- **What is being asked**:
Transcribe all of the data exactly, leaving nothing out.

------------------------------------------------------------------------

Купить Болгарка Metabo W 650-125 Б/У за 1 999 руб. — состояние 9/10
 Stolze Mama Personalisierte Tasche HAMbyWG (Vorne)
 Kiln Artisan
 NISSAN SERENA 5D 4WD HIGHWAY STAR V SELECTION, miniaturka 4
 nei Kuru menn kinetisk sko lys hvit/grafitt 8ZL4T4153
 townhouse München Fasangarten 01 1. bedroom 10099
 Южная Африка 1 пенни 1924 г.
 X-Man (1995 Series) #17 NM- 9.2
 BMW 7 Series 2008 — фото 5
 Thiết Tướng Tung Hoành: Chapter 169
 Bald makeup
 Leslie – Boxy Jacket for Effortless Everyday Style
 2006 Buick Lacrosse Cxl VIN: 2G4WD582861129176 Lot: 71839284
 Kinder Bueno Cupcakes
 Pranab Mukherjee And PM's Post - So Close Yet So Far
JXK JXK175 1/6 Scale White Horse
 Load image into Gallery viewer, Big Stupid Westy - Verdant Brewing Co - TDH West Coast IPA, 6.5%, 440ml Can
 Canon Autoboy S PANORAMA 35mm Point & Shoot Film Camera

------------------------------------------------------------------------

- **The completed task**:
Купить Болгарка Metabo W 650-125 Б/У за 1 999 руб. — состояние 9/10
 Stolze Mama Personalisierte Tasche HAMbyWG (Vorne)
 Kiln Artisan
 NISSAN SERENA 5D 4WD HIGHWAY STAR V SELECTION, miniaturka 4
 nei Kuru menn kinetisk sko lys hvit/grafitt 8ZL4T4153
 townhouse München Fasangarten 01 1. bedroom 10099
 Южная Африка 1 пенни 1924 г.
 X-Man (1995 Series) #17 NM- 9.2
 BMW 7 Series 2008 — фото 5
 Thiết Tướng Tung Hoành: Chapter 169
 Bald makeup
 Leslie – Boxy Jacket for Effortless Everyday Style
 2006 Buick Lacrosse Cxl VIN: 2G4WD582861129176 Lot: 71839284
 Kinder Bueno Cupcakes
 Pranab Mukherjee And PM's Post - So Close Yet So Far
JXK JXK175 1/6 Scale White Horse
 Load image into Gallery viewer, Big Stupid Westy - Verdant Brewing Co - TDH West Coast IPA, 6.5%, 440ml Can
 Canon Autoboy S PANORAMA 35mm Point & Shoot Film Camera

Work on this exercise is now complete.